If you want to backpropagate through the model, your forward and loss function should use tensors and contain PyTorch methods. Otherwise you would have to implement the backward function manually.

In your updated myloss function, you are re-wrapping the output of playgame in a tensor, which will also break the graph.

I’m not sure what you mean about the updated myloss(), I removed that altogether. Are you referring to this?

fitness = torch.tensor(land, dtype=torch.float)
fitness.requires_grad = True

return(fitness)

That’s from the playgame() function. I did this because otherwise I got an error about integers not having a ‘size’ attribute.

So far I’ve felt pretty sure that it’s the playgame() function detaching things somehow, but I also just tested the forward pass itself. It looks like a pretty standard network architecture, and it’s applying weights to the zerod tensor.

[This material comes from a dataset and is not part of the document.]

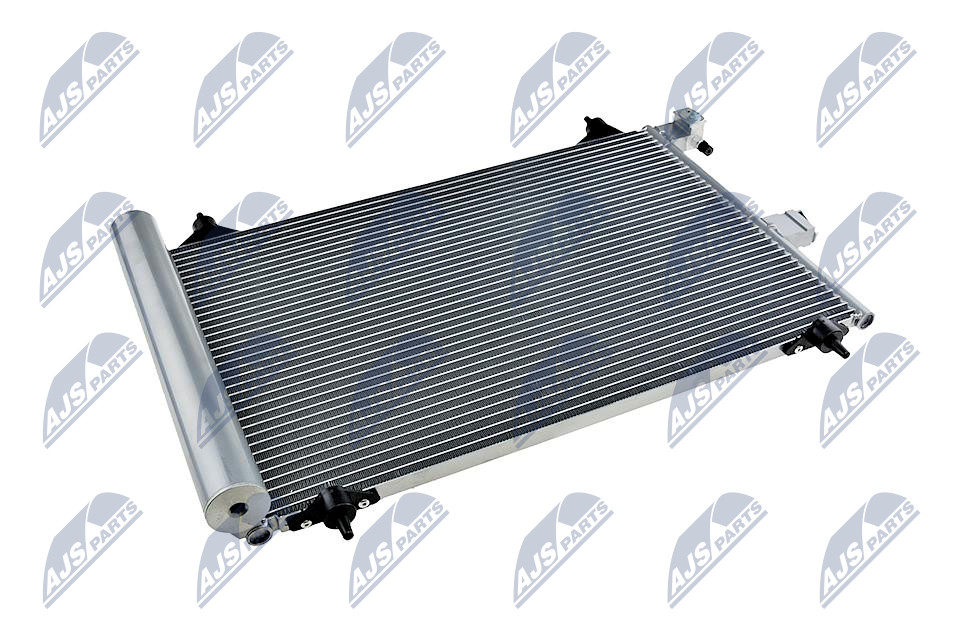 Condenser, air conditioning - CCS-CT-008 NTY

But when I print the .grad attribute for its output, that also gets None.

class TwoLayerNet(nn.Module):
    def __init__(self):
        super().__init__()
        self.fc1 = nn.Linear(438,100)
        self.fc2 = nn.Linear(100,438)
    def forward(self, x):
        x = F.sigmoid(self.fc1(x))
        x = F.sigmoid(self.fc2(x))
        return x

m = TwoLayerNet()
for i in range(training_epochs):

    fpass = m(blanktensor)
    print(fpass.grad)

So maybe there’s some kind of issue with this as well?